Thursday Movie Picks: German Films

This one is kind of difficult for me as most of the German cinema I've seen was during college studying Film and it was mostly Silent Cinema. I thought of the films I enjoyed the most, so Caligari didn't make the cut, on second viewing I could appreciate it but the first time, not so much. I'll stop the urge to go into my college self who really enjoyed studying Silent Cinema.

Goodbye Lenin
This film introduced me to modern(ish) German cinema that wasn't about war as a subject and to Daniel Brühl. A comedic at times family drama about Alex (Brühl) who wants to protect his mother from another heart attack after the Berlin wall comes down. It's about the lengths someone will go for someone they love, even so far as creating fake broadcasts and changing labels on food. The story was so simple and well executed. I know this usually appears in film lists but for me it was an introduction to another country's film industry.
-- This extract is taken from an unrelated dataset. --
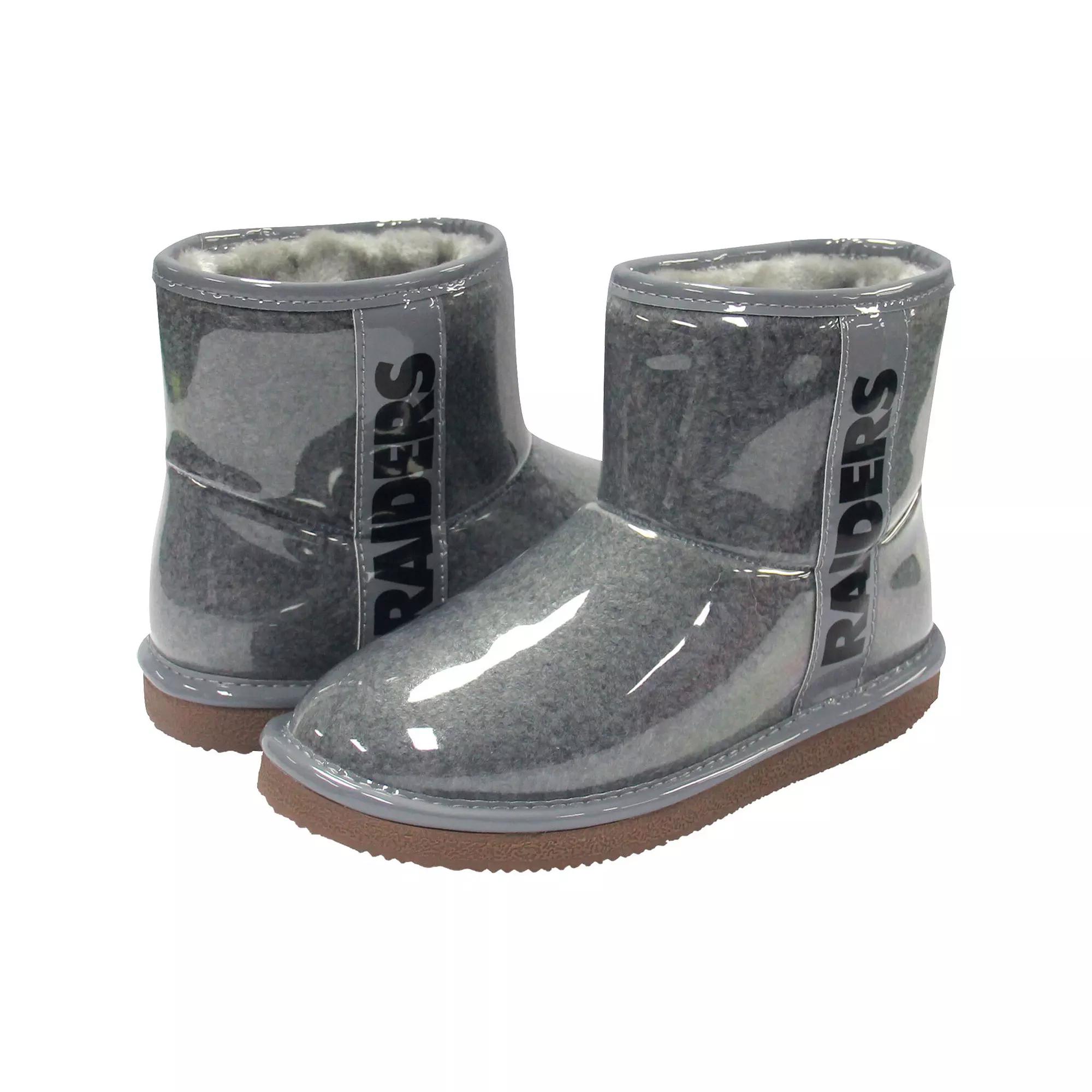 Women's Cuce Silver Las Vegas Raiders Water Resistant Faux Shearling Boots, Size: 9, Lvr Silver Product Image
Not the first silent film I had seen as I had watched Charlie Chaplin films when I was younger, but this was the first silent science fiction film I had seen. This film was so influential on every front. For science in science fiction, women in film, design in film and most likely budget. When in Berlin, we went to the Film Museum and this film, along with the other flagship silent era films, had some amazing exhibition. I was in my element. The art of the film and the robot part had the biggest influence on me and I think, back in college I wrote an essay on Metropolis and Fritz Lang, who was a creative genius.

Mostly Martha
After I saw the terrible poster for 'No Reservations', the US remake of the film, I found out from a friend's mum that this German original existed. It's miles better. The pacing, the acting, even the story feels better. A story about an uptight chef in a expensive restaurant who becomes the legal guardian of her niece after her sister dies. She has to cope with grief, becoming a parent and a new chef brought in to help out. It's brilliant drama, with a few added rom-com elements that don't smoosh up the flow of the story. One of my favourite scenes is between Martha and Mario (the new chef) when they are just starting to fall for each other, he blind folds her to do a taste test, it's actually quite sweet. I also wrote a comparison of the film against its remake, which you can have a look at here for further reading.
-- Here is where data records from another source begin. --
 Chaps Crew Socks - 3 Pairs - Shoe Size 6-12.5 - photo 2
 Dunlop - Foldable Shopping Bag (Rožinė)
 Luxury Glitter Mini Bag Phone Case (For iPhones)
  1. Heard of the top two but never actually round of seeing them. Goodbye Lenin sounds very interesting.

    I think I went to the same museum as you did (Berlin is pretty awesome isn't it?), was there a Martin Scorcese exhibition when you went? How about the first ever Oscar awarded to Emil Jannings? Plus a big section of Nazi propaganda?

    It certainly was superb in there, been two years since I been though so my memory isn't as fresh as I would have liked.


  2. Metropolis! Yeah one I've actually seen! My German film knowledge is minimal and I forgot about this and Pandora's Box. I don't think of silent films as being from any particular country as a rule since although the filming techniques vary the replacement of the title cards with the appropriate language makes them more international than films with sound.

    I've seen No Reservations and was underwhelmed I'm sure Mostly Martha will be an improvement. I've heard of Goodbye, Lenin but didn't really know anything about it.

  3. Kezia Hutabarat14 May 2015 at 22:31

    I though i'm the only one who watch Good bye, Lenin! It wasn't included on my list because I think it's a very good film, but I don't really enjoy it.

  4. I highly reccomend Goodbye Lenin, its a great family as well as a social drama.

    I don't remember a Martin Scorcese exhibition but I do the propganda exhibition. I liked Berlin, wished I could go back, spend a bit longer there.

  5. oh no, what didn't you like?

  6. We watched part of Pandora's Box in class, I remember being annoyed it was only half. The story, cinematogrphy and production all define where the film was made. If you compared Battleship Potempkin to Birth of a Nation, you can see so many differences and the only element they share is the silence. Birth of a Nation has that typical early Hollywood sheen to it, where as Battleship has rough edges that make it more compelling, especially the Odessa Steps scene.

    Definitely watch Mostly Martha now, you can see the differences. Also, I don't understand the title 'No Reservations' it doesnt really make sense in the story.

  7. Andrew Ellington19 May 2015 at 14:59

    I haven't seen any of these! I'll have to get on that!

  8. Almost had Goodbye Lenin on my list too, but then it would all have been too much East Germany and Communism.

    Oh I never knew No Reservations is a remake, now I have to keep a look out for Mostly Martha.

  9. That's what I was thinking when I was picking and looking at other lists, so much German cinema to catch up on.

    Usually behind every crap US com-rom theres a great original, most likely European.